━━ Dataset content

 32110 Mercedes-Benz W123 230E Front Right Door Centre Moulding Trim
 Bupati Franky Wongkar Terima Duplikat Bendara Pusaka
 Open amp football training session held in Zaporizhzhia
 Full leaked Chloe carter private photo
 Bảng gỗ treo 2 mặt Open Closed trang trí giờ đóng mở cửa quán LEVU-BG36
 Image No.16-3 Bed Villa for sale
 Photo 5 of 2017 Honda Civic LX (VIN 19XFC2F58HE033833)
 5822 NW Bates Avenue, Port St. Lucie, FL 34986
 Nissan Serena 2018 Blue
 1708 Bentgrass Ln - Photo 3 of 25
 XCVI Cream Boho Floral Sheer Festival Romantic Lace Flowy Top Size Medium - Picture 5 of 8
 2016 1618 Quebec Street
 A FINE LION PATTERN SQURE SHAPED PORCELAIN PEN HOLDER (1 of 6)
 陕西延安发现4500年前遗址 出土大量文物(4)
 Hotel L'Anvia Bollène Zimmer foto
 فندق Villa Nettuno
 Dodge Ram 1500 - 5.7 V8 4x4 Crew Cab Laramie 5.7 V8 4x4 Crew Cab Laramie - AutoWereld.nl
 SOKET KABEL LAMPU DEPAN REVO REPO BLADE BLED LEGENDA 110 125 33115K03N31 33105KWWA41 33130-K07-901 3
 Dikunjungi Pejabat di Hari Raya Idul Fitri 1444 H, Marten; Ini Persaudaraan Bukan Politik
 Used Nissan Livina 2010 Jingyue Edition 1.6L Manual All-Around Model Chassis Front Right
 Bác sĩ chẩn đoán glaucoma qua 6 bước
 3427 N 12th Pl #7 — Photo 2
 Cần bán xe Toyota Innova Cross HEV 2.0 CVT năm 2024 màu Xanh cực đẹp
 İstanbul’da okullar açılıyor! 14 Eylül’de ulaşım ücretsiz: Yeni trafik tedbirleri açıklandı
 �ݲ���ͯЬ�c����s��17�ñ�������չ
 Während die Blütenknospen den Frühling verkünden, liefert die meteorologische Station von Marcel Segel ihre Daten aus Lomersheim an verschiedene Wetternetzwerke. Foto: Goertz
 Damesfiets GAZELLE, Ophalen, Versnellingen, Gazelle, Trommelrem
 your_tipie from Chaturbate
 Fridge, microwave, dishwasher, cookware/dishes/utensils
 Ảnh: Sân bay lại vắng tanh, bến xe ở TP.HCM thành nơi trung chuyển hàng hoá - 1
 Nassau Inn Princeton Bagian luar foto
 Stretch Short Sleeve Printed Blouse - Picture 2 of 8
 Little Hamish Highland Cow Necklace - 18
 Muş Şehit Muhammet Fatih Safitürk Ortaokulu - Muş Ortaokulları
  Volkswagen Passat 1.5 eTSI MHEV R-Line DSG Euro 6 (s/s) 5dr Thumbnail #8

━━━━

_Exercise_.
Please transcribe the records exactly from their first line through the line holding "Full leaked Chloe carter private photo", and leave out all others.

_Response_.
 32110 Mercedes-Benz W123 230E Front Right Door Centre Moulding Trim
 Bupati Franky Wongkar Terima Duplikat Bendara Pusaka
 Open amp football training session held in Zaporizhzhia
 Full leaked Chloe carter private photo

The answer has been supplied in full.